#### WHAT YOU SHOULD DO
Please copy, word for word, the line holding "Gosslings_Apr 21_2020_HDR_3B3828_peExpMrg_4x6s.jpg" and each line that follows it through the end of the entries, omitting any pictures.

#### THE DATA
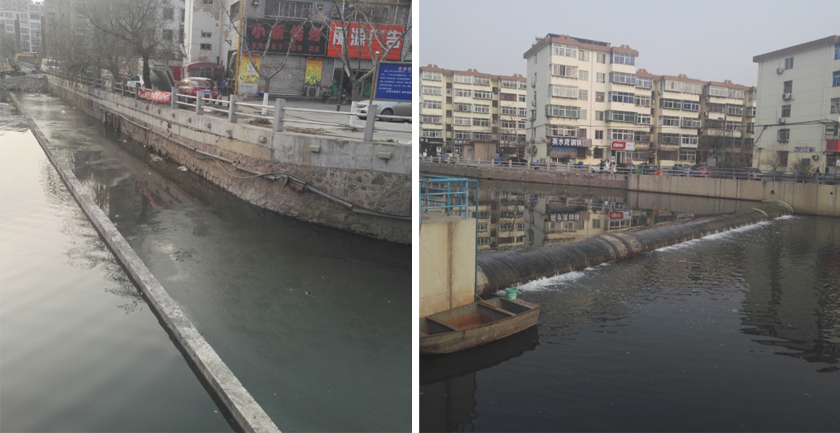 秦皇島大馬坊河原位生態(tài)修復(fù)工程-佳業(yè)佳境工程案例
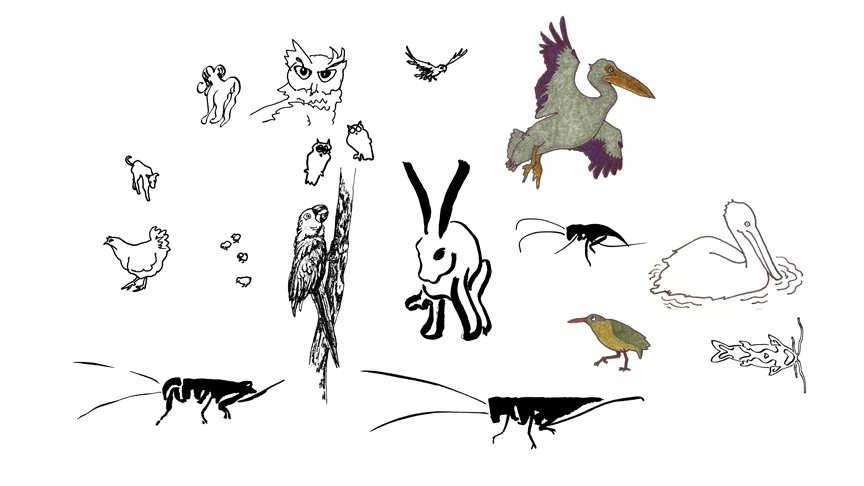 Animals, drawings by Leha Carpenter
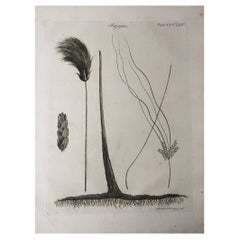 Original Antique Print of Papyrus Grass, Circa 1790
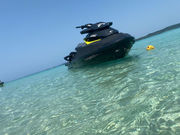 マリンしらたきの写真2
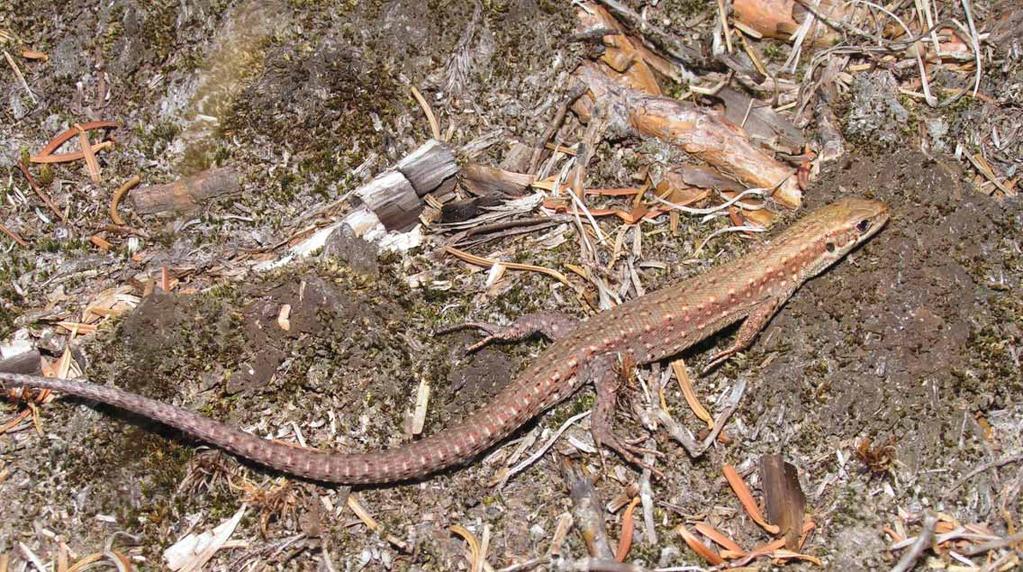 173 Druge procijenjene svojte/populacije: Panonska živorodna gušterica Zootoca vivipara pannonica (Lac & Kluch, 1968) Engleski naziv: Pannonian viviparous lizard Sinonimi: Lacerta vivipara ssp.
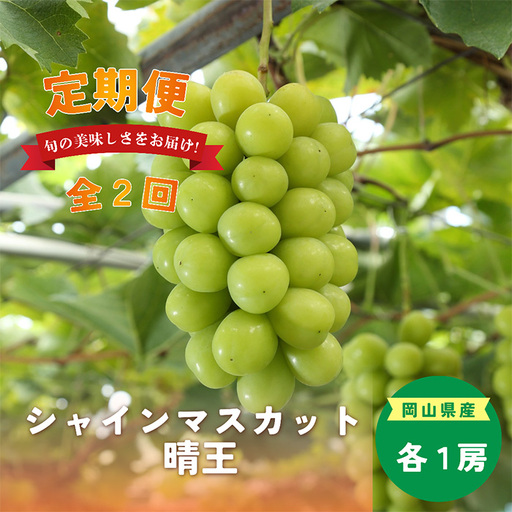 岡山県産 シャインマスカット『晴王』定期便 全2回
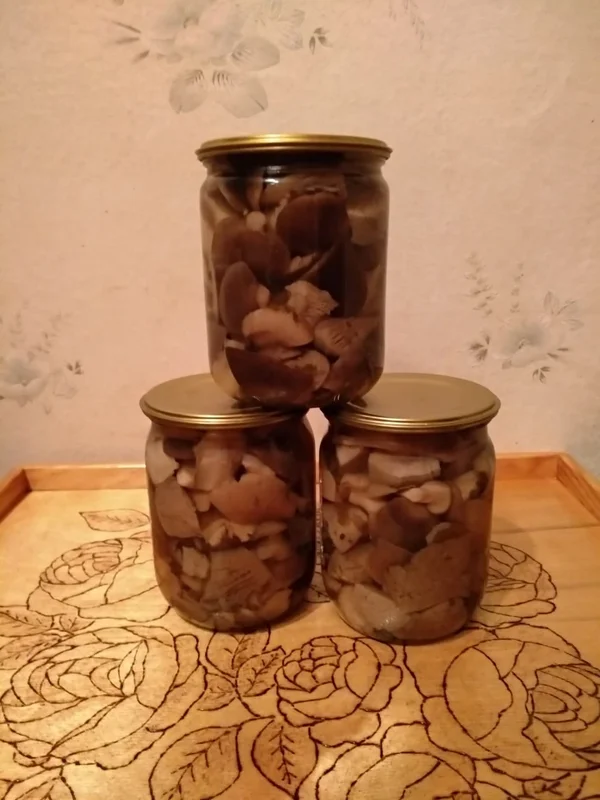 Маринованные грибочки вешенка лесная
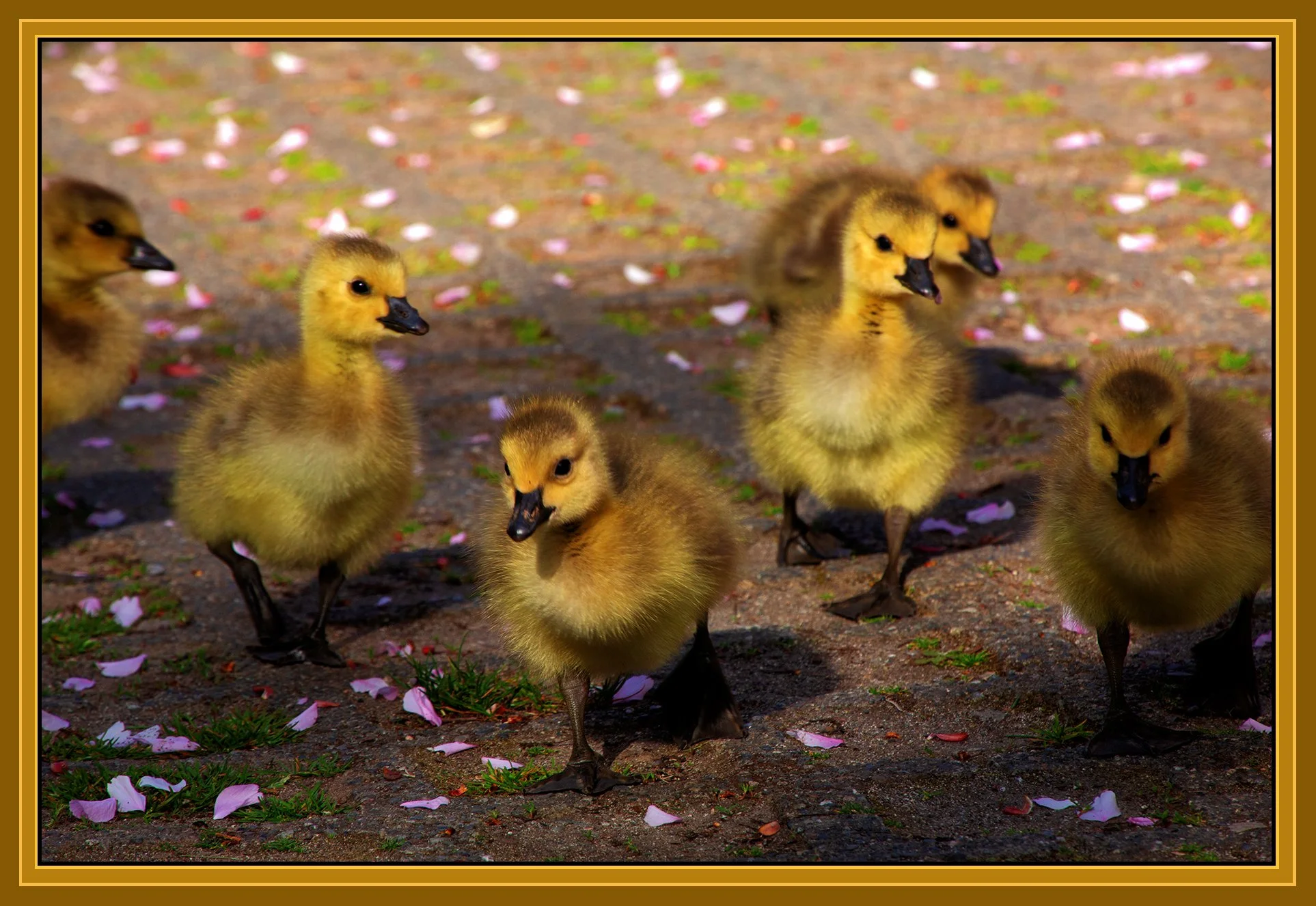 Gosslings_Apr 21_2020_HDR_3B3828_peExpMrg_4x6s.jpg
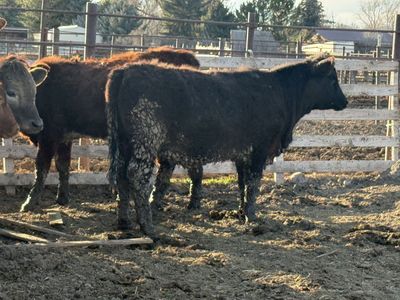 simmental/angus yearling heifers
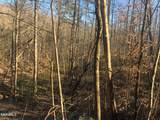 Lot 68 Yellowwood Drive - Photo 9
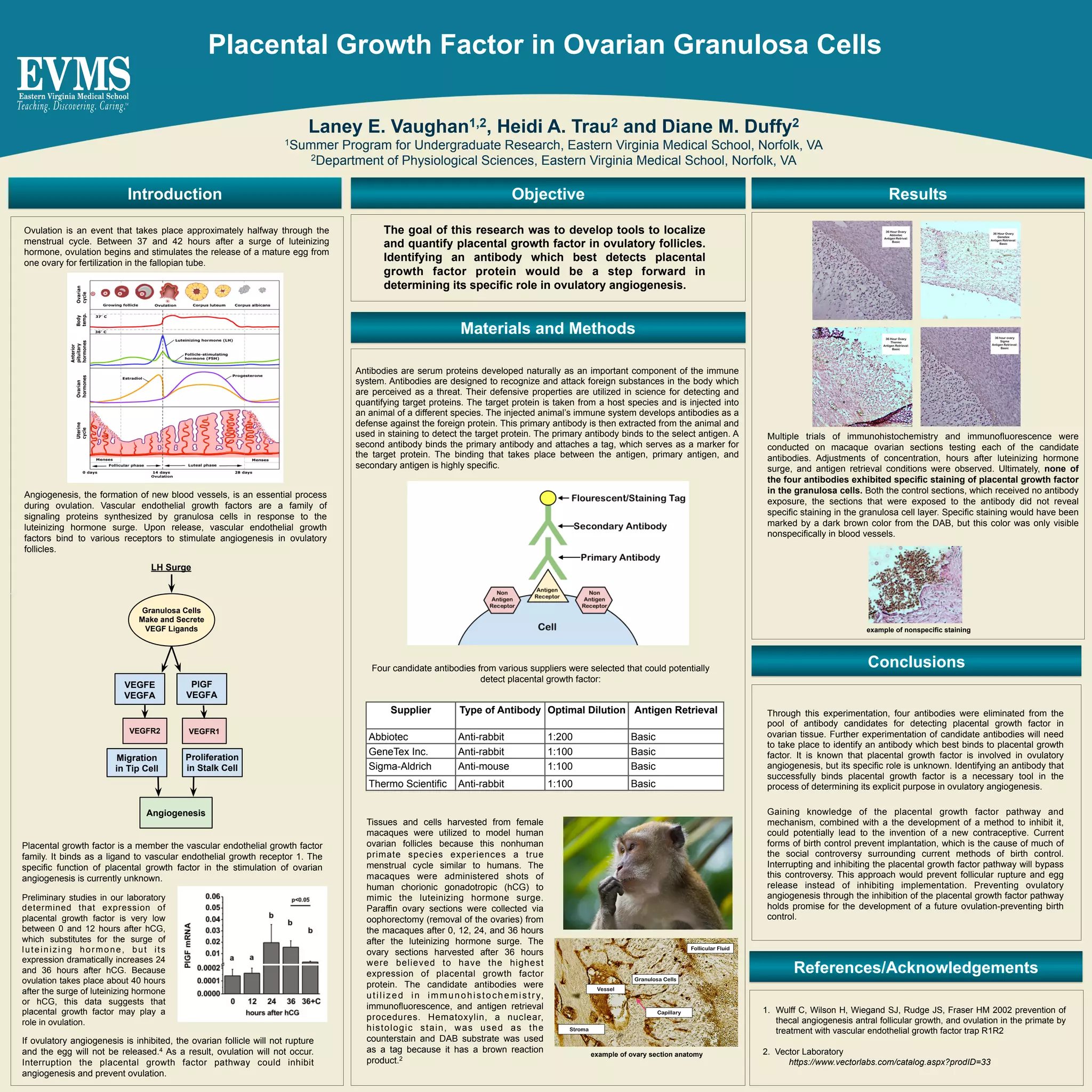 LaneyVaughanPosterPresentation PDF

#### RESULT FOR THIS EXERCISE
 Gosslings_Apr 21_2020_HDR_3B3828_peExpMrg_4x6s.jpg
 simmental/angus yearling heifers
 Lot 68 Yellowwood Drive - Photo 9
 LaneyVaughanPosterPresentation PDF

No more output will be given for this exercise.